Download the Sample File

For detailed instructions, and to download the sample file, please visit my Contextures website: Highlight Duplicate Records in a List


Watch the Video

To see the steps for setting up the conditional formatting, please watch this video tutorial.

__

_________________________

17 comments to Highlight Duplicate Records in an Excel List

  • Jeff Weir

    Cool!

    What's also cool about tables is that you can filter by color. So using a bit of VBA, you can then filter to show only duplicate rows, and then do something with them.

  • John

    One very rare bug that may happen with this is if the data you have in two columns, when concatenated, looks the same. For example:


    Col A Col B Concatenated
    123 456 123456
    1234 56 123456

    This will show the rows above as duplicate when they are not.

  • Jeff Weir

    On the subject of delimiters, you can't beat the pipe character | (Shift + \)

  • Great Tutorial. But is there any way to highlight only a single instance of duplicate records? I mean if I could do so then it would be easier to just sort out the highlighted records and later delete them.
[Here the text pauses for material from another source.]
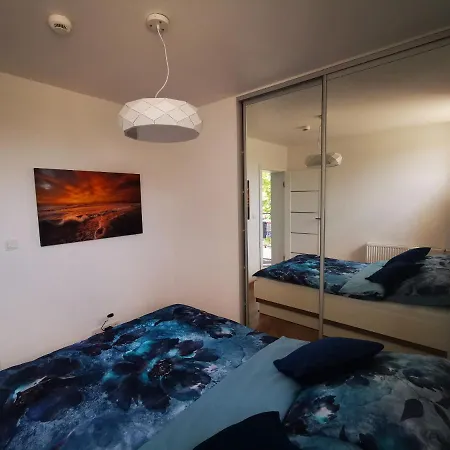 Amd Deluxe Apartment *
    • @Ankit Mac, if you only want to highlight the duplicate records, and not the first instance of a duplicated record, use this formula: =COUNTIF($G$2:$G2,$G2)>1

      That checks the rows down to the current row for duplicates, so for the first instance, the count would be 1, and that row wouldn't be highlighted.

  • Rick

    I'm working on a project where I need to find records where certain fields are close matches. For example in the Company field one entry may be "SC Johnson Wax" and another "S.C. Johnson Wax" or "S C Johnson Wax". Another would be where someone has misspelled a word so maybe they typed "Johnston" instead of "Johnson". These are all things that stick out to the human eye but how to look for them programmatically?

  • Jason M

    @Rick,

    Trying looking at using multiple wildcards, such as:

    =COUNTIF(A1,"*s*c*john*wax*")

    This will get you a hit on most entries, but of course if the user leaves out the word "wax", it won't work.

  • Steve

    @Rick

    I had to do something similar, and used VBA. Depending on your application, you might try something like this:
    http://en.wikipedia.org/wiki/Damerau%E2%80%93Levenshtein_distance

    It has sample code written in C#, but I was able to convert this to VBA without too much trouble and use it very effectively.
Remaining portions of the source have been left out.